Data section.
• • • •
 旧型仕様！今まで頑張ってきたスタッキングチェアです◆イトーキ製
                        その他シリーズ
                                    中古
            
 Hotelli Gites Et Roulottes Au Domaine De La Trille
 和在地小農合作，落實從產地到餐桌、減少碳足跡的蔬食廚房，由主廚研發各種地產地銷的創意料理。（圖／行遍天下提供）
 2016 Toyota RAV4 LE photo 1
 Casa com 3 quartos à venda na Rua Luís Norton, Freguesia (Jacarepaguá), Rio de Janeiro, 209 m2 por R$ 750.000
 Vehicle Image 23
• • • •
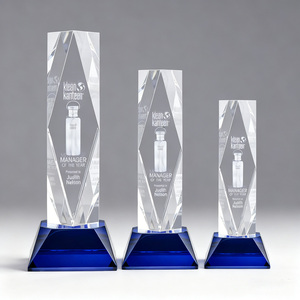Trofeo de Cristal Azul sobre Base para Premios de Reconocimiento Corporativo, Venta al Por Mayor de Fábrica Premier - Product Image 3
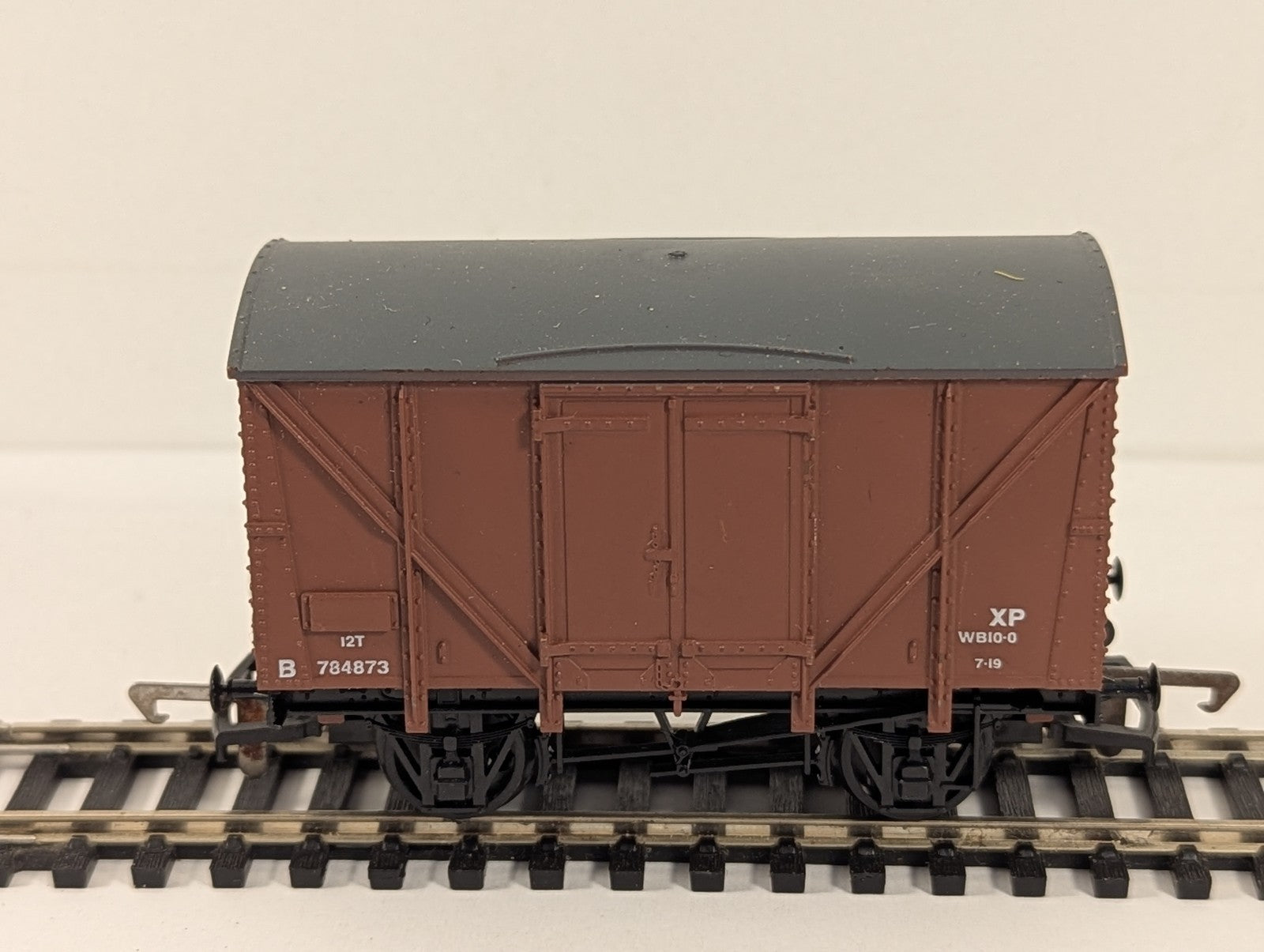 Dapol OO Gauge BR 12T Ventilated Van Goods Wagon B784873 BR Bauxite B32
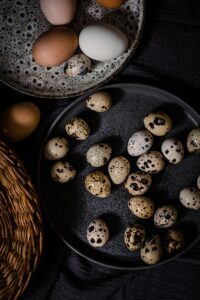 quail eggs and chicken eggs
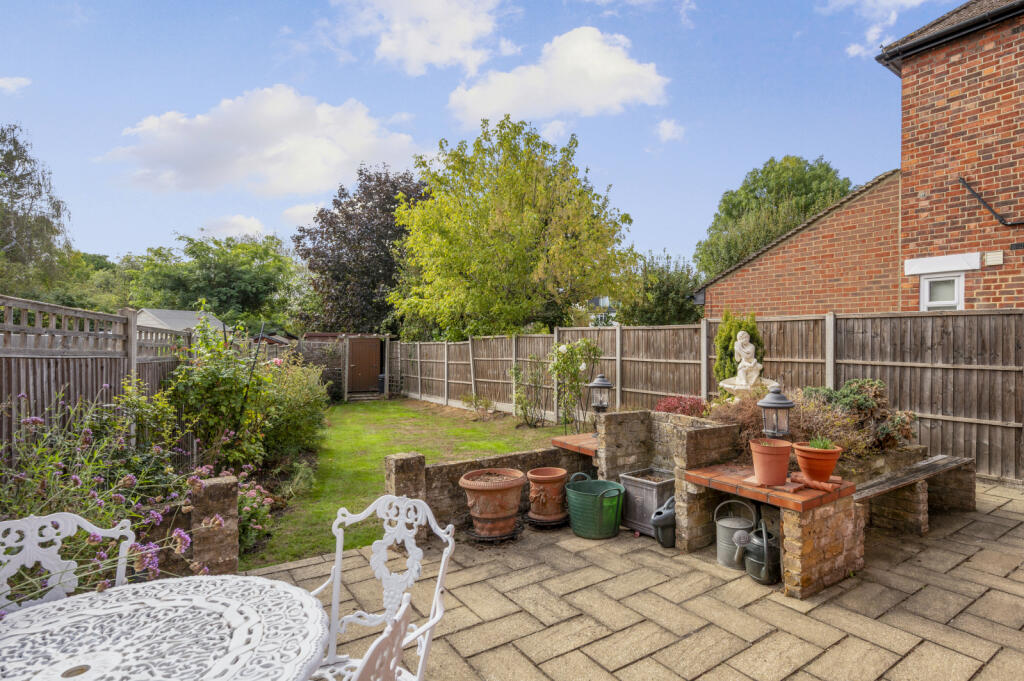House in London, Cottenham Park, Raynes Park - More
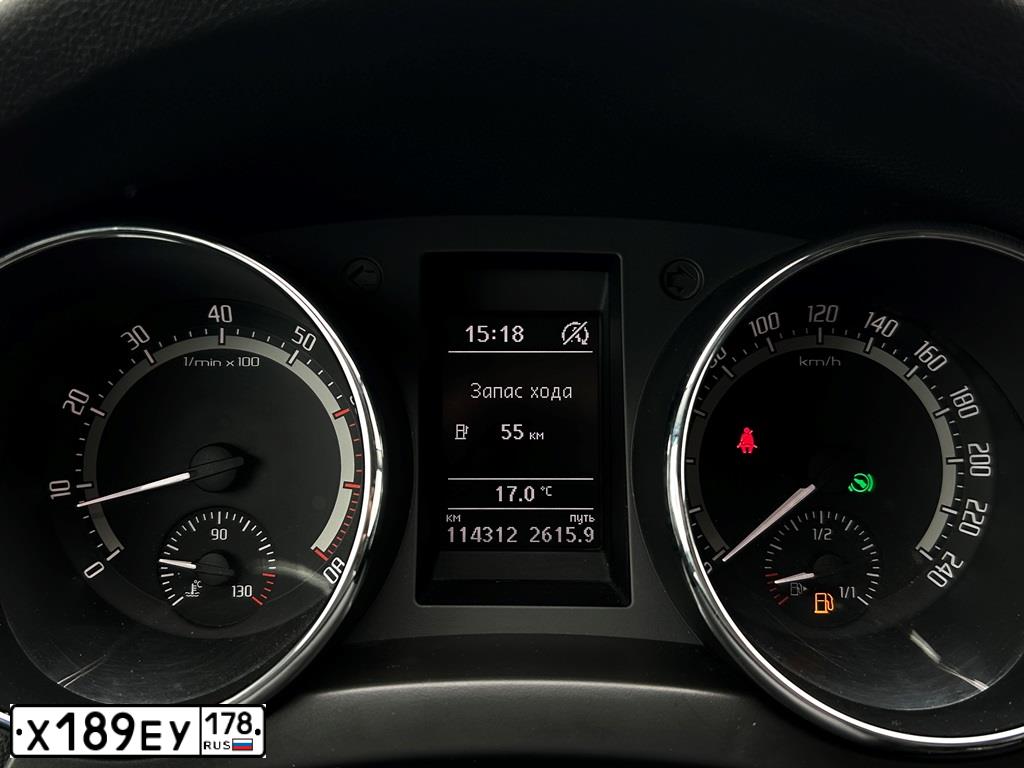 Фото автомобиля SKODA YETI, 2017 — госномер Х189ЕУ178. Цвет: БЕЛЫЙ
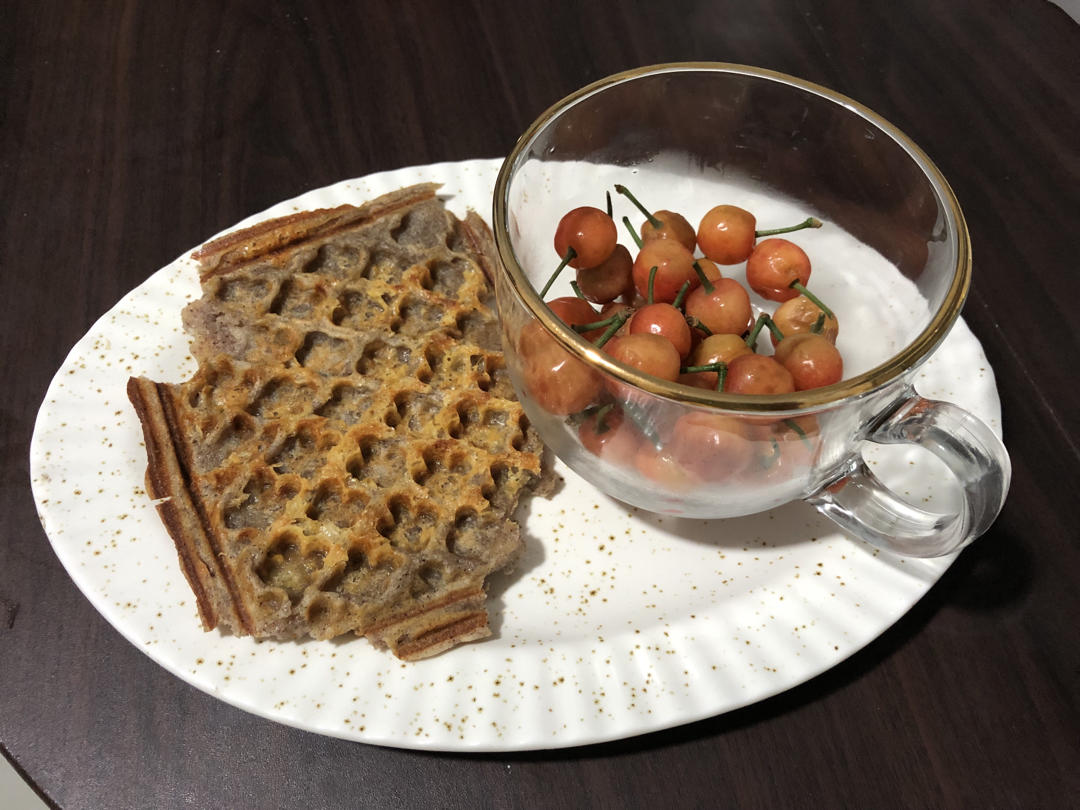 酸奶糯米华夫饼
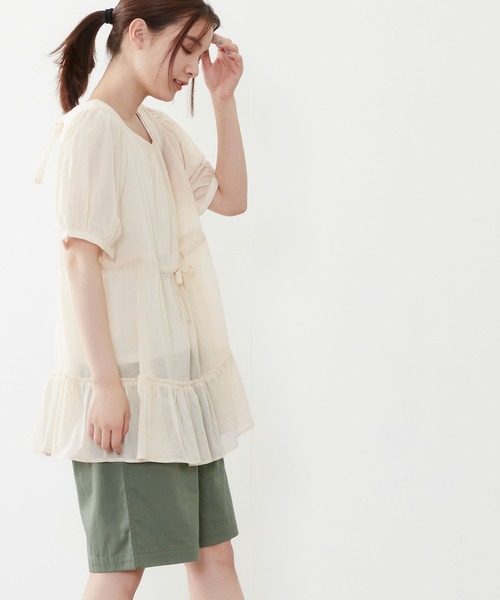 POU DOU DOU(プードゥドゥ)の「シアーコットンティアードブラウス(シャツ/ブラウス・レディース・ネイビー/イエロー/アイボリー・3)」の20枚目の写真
• • • •
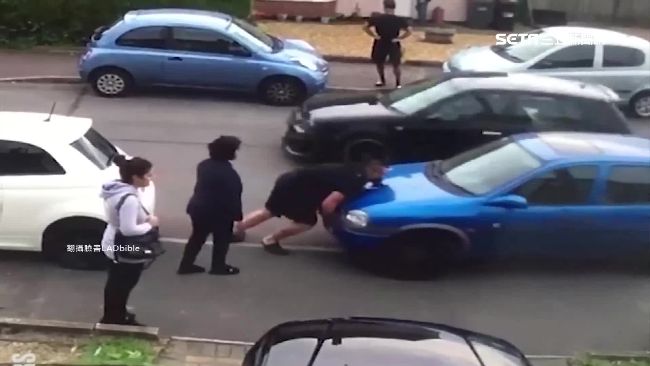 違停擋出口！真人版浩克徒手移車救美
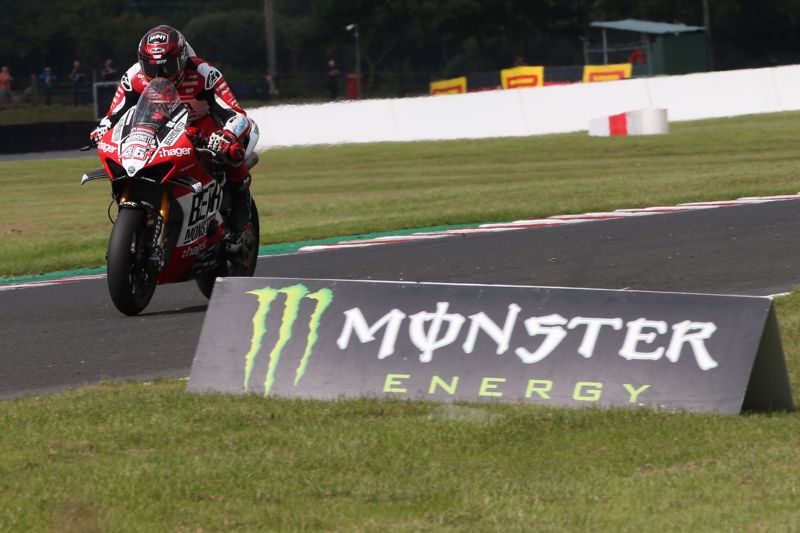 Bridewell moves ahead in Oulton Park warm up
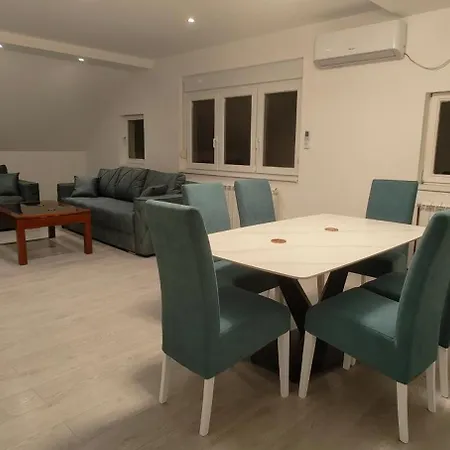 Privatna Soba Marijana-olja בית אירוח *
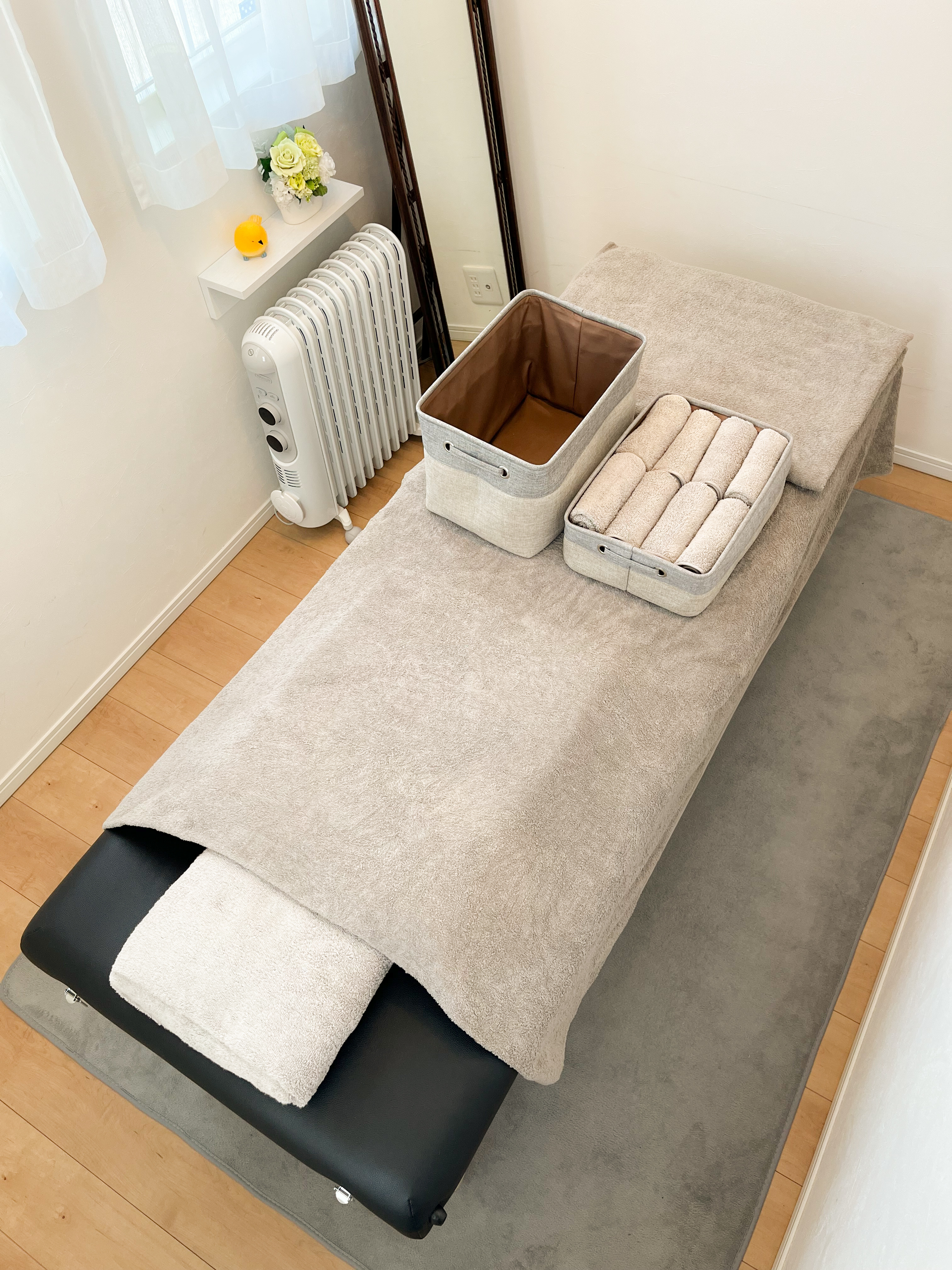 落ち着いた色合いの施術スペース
• • • •
What you will do. Above are some records. Output exactly the lines from the one that contains "Bridewell moves ahead in Oulton Park warm up" to the one that contains "落ち着いた色合いの施術スペース", keeping both, and omit the pictures.

Written solution.
 Bridewell moves ahead in Oulton Park warm up
 Privatna Soba Marijana-olja בית אירוח *
 落ち着いた色合いの施術スペース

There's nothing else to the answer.